A questo si aggiunge la cancellazione di ogni riferimento al D.M. 1444/1968, sostituito dal più permissivo art. 2-bis del DPR 380/2001. Il risultato? Nessun vincolo sulle altezze, anche fuori sagoma, né sull’ampliamento delle distanze dagli edifici esistenti.
Quello che intravediamo è un ritorno alla bulimia edilizia, con l’abbandono di qualsiasi pianificazione urbana coerente. Non siamo contrari agli strumenti di rigenerazione urbana previsti dal Decreto Sviluppo, ma contestiamo fermamente l’uso distorto e fuori controllo che se ne è fatto. Ricordiamo che il centrodestra, dal 2019, ha già ampliato gli incentivi volumetrici: dal 20% originario del Decreto, al 50% con la L.R. 49/2012, fino al 65% previsto dalla L.R. 29/2020.
Infine, la norma che più ci allarma: l’estensione degli incentivi volumetrici anche a zone vincolate paesaggisticamente e agli immobili sottoposti a tutela indiretta, come nel caso del rione Pineta a Pescara. Qui, dal 2019, gli interventi devono rispettare rigidamente sagoma, volume e stile originari. Con la nuova legge, si potranno invece demolire e ricostruire con l’incentivo del 65%, previa autorizzazione della Soprintendenza. Una scelta che rischia di distruggere uno dei pochi ambiti urbani ancora integri.
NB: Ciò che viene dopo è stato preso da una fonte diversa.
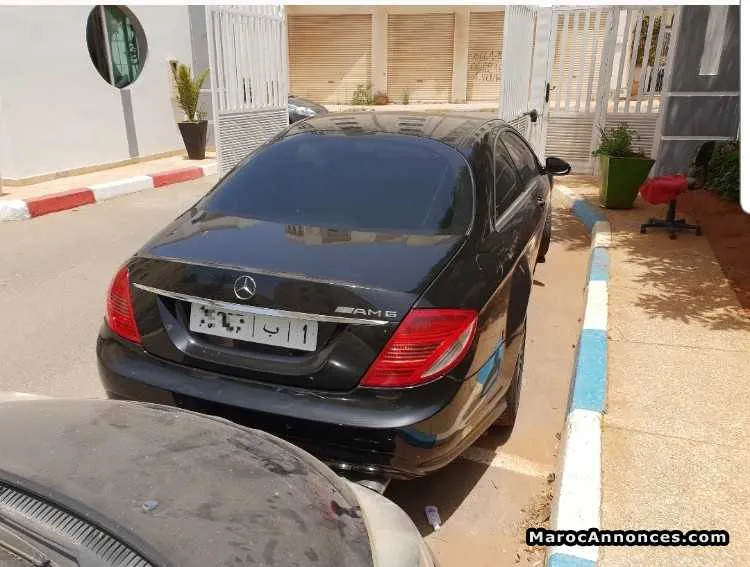 Mercedes cl500 amg - الدار البيضاء (2)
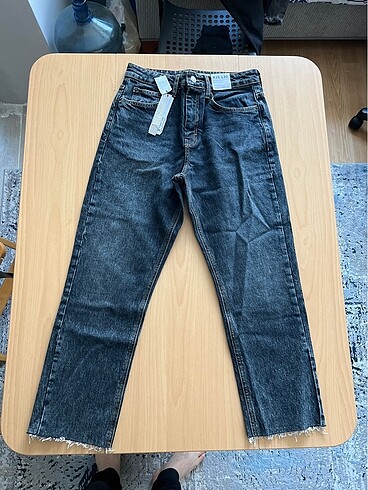 38 Beden lacivert Renk TOPSHOP Kadın Jean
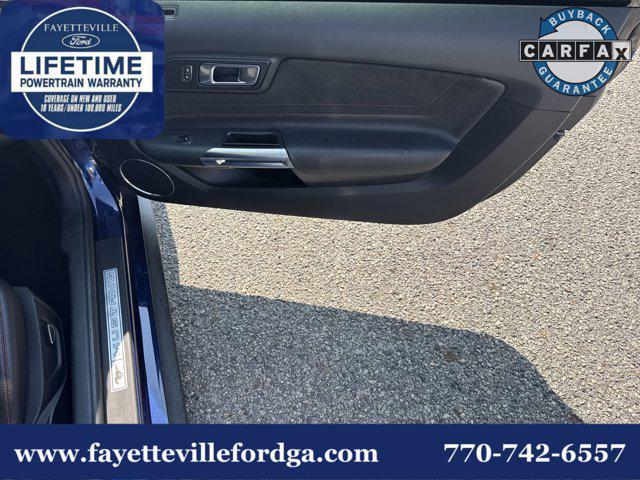 Photo of 2019 Kona Blue Ford Mustang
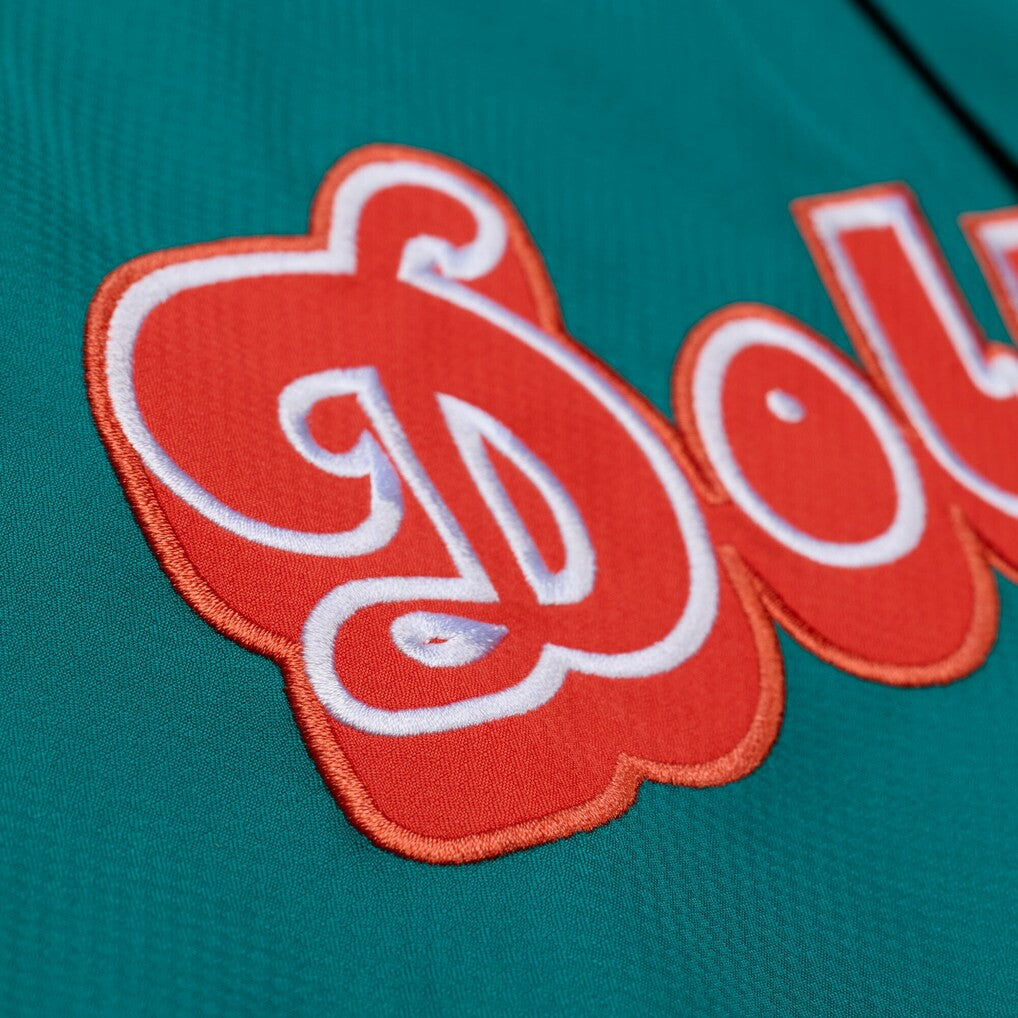 Miami Dolphins Coaches Full-Snap Hooded Windbreaker Jacket - Aqua Jackets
Lo stesso ente, ascoltato in Commissione, ha già segnalato il rischio di valanghe di ricorsi che vanificherebbero il vincolo.
Per questo oggi abbiamo convocato questa conferenza stampa con i Consiglieri comunali di Pescara. Perché serve trasparenza, consapevolezza, e soprattutto un’assunzione di responsabilità da parte dell’Amministrazione comunale. Non accetteremo che un domani, di fronte al danno, si tenti di scaricare ogni responsabilità sulla Regione. È il momento della mobilitazione.